FIG. 2 is a conceptual diagram for explaining a binding state of a water-repellent compound, an organic phosphorus-containing nitrogen-containing compound, and cellulose fibers.
FIG. 3 is a graph showing frequency characteristics of the speaker member of Example 1 before and after the waterproof test.
FIG. 4 is a graph showing the frequency characteristics of the speaker diaphragm of Comparative Example 1 before and after the waterproof test.
FIG. 5 is a graph showing frequency characteristics of the speaker diaphragm of Comparative Example 2 before and after the waterproof test.

Claims (4)

Natural fibers molded into a predetermined shape;
Melamine phosphate,
A water repellent compound having at least one functional group selected from a perfluoroalkyl group and a fluorine-containing hydrocarbon group,
The hydroxyl group of the natural fiber and the ammonium group of the melamine phosphate are bonded by an ionic bond,
The other ammonium group of the melamine phosphate and the anion group of the water-repellent compound are bonded by an ionic bond,
Speaker component. The speaker member according to claim 1, wherein the water repellent compound further has at least one functional group selected from a hydroxyl group and a carboxyl group.
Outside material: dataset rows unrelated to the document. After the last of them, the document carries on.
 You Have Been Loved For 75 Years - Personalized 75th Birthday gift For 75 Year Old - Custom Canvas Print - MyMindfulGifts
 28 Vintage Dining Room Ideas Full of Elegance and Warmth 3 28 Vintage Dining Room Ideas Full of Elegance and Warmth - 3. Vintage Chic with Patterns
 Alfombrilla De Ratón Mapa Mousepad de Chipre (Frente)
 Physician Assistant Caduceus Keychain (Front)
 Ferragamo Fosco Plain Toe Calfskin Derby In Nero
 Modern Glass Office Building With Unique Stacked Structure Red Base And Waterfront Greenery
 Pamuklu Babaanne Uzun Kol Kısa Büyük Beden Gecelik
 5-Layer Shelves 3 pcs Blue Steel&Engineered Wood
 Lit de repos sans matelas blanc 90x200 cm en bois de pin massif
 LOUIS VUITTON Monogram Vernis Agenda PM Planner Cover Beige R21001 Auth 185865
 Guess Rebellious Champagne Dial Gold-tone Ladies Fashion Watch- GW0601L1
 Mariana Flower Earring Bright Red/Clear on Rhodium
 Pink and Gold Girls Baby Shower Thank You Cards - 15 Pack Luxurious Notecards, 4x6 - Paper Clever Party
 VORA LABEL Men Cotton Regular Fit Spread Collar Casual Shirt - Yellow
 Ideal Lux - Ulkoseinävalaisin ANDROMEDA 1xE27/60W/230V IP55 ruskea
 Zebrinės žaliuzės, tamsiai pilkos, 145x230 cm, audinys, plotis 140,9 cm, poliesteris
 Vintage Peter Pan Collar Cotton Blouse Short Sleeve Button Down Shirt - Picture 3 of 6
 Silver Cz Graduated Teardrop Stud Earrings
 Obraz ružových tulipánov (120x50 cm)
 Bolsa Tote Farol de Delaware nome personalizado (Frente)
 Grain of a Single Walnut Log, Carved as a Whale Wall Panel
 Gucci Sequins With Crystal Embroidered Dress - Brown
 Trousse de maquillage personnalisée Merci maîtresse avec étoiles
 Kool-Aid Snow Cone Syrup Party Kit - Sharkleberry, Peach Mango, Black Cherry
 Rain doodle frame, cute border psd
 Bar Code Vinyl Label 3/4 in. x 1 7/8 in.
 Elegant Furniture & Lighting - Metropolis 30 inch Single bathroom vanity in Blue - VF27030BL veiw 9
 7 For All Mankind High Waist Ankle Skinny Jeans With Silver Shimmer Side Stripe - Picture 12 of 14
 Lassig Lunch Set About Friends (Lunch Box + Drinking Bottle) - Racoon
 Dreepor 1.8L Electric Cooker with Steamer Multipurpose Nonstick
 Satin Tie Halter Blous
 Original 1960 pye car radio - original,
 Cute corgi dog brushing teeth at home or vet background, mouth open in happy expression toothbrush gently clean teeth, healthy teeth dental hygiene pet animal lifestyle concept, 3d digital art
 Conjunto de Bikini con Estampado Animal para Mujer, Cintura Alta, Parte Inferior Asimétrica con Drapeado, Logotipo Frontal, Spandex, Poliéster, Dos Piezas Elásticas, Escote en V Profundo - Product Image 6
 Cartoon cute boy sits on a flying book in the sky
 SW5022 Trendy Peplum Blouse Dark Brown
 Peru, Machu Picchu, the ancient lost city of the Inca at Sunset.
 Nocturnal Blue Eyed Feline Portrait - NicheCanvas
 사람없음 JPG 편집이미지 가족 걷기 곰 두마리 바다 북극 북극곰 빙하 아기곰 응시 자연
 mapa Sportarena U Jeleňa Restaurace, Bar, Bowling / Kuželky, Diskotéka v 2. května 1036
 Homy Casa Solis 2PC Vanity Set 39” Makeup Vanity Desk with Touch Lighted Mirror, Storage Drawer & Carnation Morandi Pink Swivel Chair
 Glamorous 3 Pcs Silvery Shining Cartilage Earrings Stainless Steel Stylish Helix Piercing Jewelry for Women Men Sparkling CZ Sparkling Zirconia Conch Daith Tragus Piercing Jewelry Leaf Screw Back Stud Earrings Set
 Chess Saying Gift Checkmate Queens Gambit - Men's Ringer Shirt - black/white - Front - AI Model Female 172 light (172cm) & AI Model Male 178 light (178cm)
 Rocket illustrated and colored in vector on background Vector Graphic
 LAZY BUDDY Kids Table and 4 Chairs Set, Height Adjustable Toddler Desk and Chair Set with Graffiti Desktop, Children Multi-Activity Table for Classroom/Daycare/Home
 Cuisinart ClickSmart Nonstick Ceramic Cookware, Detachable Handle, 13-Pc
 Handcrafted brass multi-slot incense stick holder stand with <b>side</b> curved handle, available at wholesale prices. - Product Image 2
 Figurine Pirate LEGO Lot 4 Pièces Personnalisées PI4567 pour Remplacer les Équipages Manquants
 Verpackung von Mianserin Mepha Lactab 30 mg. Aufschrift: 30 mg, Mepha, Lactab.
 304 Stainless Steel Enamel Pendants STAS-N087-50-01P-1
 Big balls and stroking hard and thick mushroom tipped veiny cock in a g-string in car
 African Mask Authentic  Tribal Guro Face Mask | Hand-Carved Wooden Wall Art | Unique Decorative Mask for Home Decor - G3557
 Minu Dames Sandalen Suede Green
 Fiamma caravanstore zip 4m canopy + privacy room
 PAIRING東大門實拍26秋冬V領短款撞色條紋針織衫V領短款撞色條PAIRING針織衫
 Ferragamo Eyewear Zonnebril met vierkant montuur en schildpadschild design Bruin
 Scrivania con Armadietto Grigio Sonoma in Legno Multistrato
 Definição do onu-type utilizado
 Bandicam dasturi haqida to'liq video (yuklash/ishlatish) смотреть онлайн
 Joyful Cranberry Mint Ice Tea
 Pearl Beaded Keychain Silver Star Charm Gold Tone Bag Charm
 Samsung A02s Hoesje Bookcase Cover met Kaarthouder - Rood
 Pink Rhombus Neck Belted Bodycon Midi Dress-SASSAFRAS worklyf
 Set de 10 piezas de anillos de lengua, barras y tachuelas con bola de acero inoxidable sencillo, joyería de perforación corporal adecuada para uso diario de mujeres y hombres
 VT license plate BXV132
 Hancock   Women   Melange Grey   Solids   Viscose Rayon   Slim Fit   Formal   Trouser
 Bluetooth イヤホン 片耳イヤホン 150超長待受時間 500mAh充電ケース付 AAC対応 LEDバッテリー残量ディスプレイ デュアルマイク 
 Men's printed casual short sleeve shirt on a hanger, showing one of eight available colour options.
The speaker member according to claim 2 , wherein the water repellent compound is selected from 2,2,2-trifluoroethanol, hexafluoroisopropanol, trifluoroacetic acid, and perfluoro-n-octanoic acid. Forming natural fibers into a predetermined shape;
Impregnating or coating the molded natural fiber with a treatment liquid containing a water repellent compound having at least one functional group selected from a perfluoroalkyl group and a fluorine-containing hydrocarbon group and melamine phosphate;
Heat-treating the natural fibers that have been molded and treated with the treatment liquid.